Generating Automatic Surgical Captions Using a Contrastive Language-Image Pre-Training Model for Nephrectomy Surgery Images Karşılaştırmalı Dil-Görüntü Ön Eğitim Modeli ile Nefrektomi Ameliyatı Görüntülerinde Otomatik Cerrahi Alt Yazıların Oluşturulması

Kütük S., ÇAĞLIKANTAR T., Sarıkaya D.

32nd IEEE Conference on Signal Processing and Communications Applications, SIU 2024, Mersin, Türkiye, 15 - 18 Mayıs 2024, (Tam Metin Bildiri)

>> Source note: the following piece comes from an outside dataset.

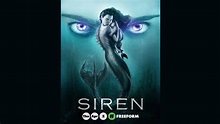 Siren, tercera temporada - estreno Sony Channel - Series de Televisión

Yayın Türü: Bildiri / Tam Metin Bildiri
Doi Numarası: 10.1109/siu61531.2024.10601051
Basıldığı Şehir: Mersin
Basıldığı Ülke: Türkiye
Anahtar Kelimeler: automatic caption generation on surgical images, contrastive language-image pre-training, image-to-text matching
Gazi Üniversitesi Adresli: Evet

Özet

Surgical reporting plays an important role in providing surgical feedback and medical training, however, it remains a complex task that requires clinical expertise. It also plays an important role in postoperative care and diagnosis of complications after surgery. Surgeons and surgical teams can use automatically generated surgical captions for effective and efficient surgical reporting. Automated surgical report generation has the potential to decrease surgeons' workload and, therefore improve surgical outcomes. We utilized a customized Contrastive Language-Image Pre-Training (CLIP) model in this research, employing VGG-19 as the image encoder and ClinicalBERT as the text encoder to produce automated surgical descriptions for nephrectomy surgery images. The model we named SurgicalClip achieved the following average scores: 0.702 BLEU-1, 0.51 BLEU-4, 3.615 CIDEr, 0.382 METEOR, and 0.657 ROUGE, and performed comparably to the benchmark models although it proposes a lightweight solution.